Tuesday, April 2, 2013

Intrade Archive: Data for Posterity

A few years back, I have done some work on prediction markets. For this line of research, we have been collecting data from Intrade, to perform our experimental analysis. Some of the data is available through the Intrade Archive, a web app that I wrote in order to familiarize myself with the Google App Engine.

In the last few weeks, through, after the effective shutdown of Intrade, I started receiving requests on getting access to the data stored in the Intrade Archive. So, after popular demand, I gathered all the data from the Intrade Archive, and also all the past data that I had about all the Intrade contracts going back to 2003, and I put them all on GitHub for everyone to access and download. The Excel file contains a description of the contracts, while the zip file contains information about all the individual trades and the daily opening and closing prices.

On purpose, I exclude all the Financial contracts, as the trading of these events have limited research interest. (Plus, they were too many of them.) The information from "official" stock and options exchanges has much higher volume and is a better source of information than the comparatively illiquid contracts on Intrade.

The link to the GitHub repository is also now available from the home page of the Intrade Archive. I hope that the resource hungry crawlers can now be put to sleep, not to ever come back again :-)

Enjoy!

Monday, February 25, 2013

WikiSynonyms: Find synonyms using Wikipedia redirects

Many many years back, I worked with Wisam Dakka on a paper to create faceted interfaced for text collections. One of the requirements for that project was to discover synonyms for named entities. While we explored a variety of directions, the one that I liked most was Wisam's idea to use the Wikipedia redirects to discover terms that are mostly synonymous.

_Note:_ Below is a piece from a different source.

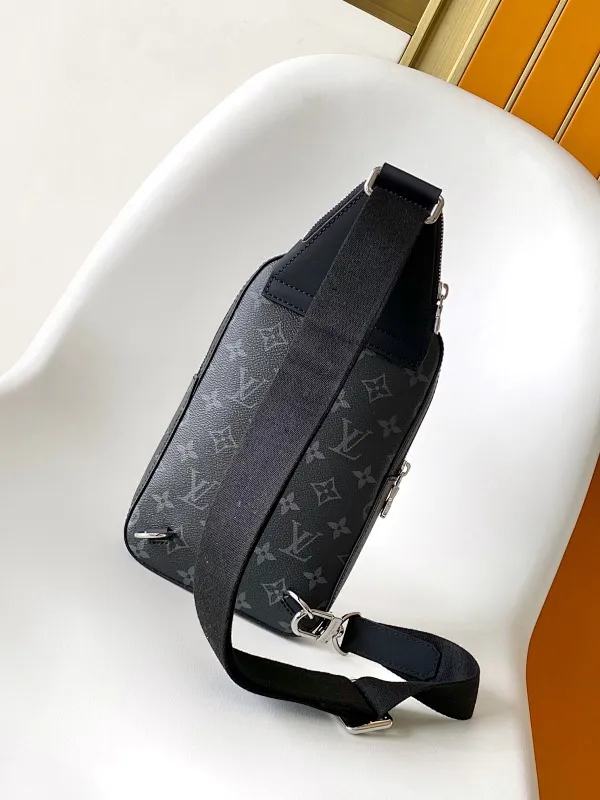 All categories 💚 Top version men’s bags 💚 LV 2025 official website new LV chest bag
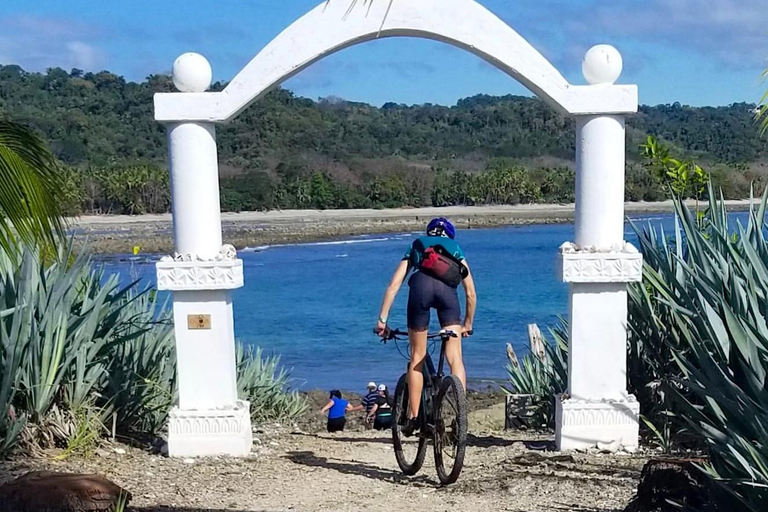 Passeio de bicicleta de montanha pela selva e mergulho na cascataPasseio de bicicleta de montanha pela selva e mergulho na cachoeira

Did you know, for example, that ISO/IEC 14882:2003 and X3J16 are synonyms of C++? Yes, me neither. However, Wikipedia reveals that through its redirect structure.

The Wikisynonyms web service

What we mean by redirects? Well, if you try to visit the Wikipedia page for President Obama, you will be redirected to the canonical page Barack Obama. Effectively "President Obama" is deemed by Wikipedians to be a close synonym of "Barack Obama", and therefore the redirect. Similarly, the term "Obama" is also a redirect, etc. (You can check the full list of redirects here.)

While I was visiting oDesk, I felt that this service can be useful for a variety of purposes so, following the oDesk model, we hired a contractor to implement this synonym extraction as a web API and service. If you want to try it out please go to:


The API is very simple. Just issue a GET request like this:

curl 'http://wikisynonyms.ipeirotis.com/api/{TERM}

For example, to find synonyms for Hillary Clinton:


and for Obama



Mashape integration

Since we may change the URL of the service, I would recommend registering and using Mashape to access the WikiSynonyms service through Mashape instead:

curl 'https://wikisynonyms.p.mashape.com/{TERM}' --header 'X-Mashape-Authorization: your_mashape_key'

You can easily download Wikipedia

Interestingly enough, this synonym extraction technique remains little-known, despite the easiness of extracting these synonyms. And whenever I mention Wikipedia, most people are worried that they will need to scrape the HTML from Wikipedia, and nobody likes this monkey business. 

Strangely, most people are unaware that you can download Wikipedia in a relational form and put it directly in a database. In fact, you can download only the parts that you need. Here are the basic links:
This redirect structure (as opposed, say to the normal link structure and the related anchor text) is highly precise. By eyeballing the results, I would guess that precision is around 97% to 99%.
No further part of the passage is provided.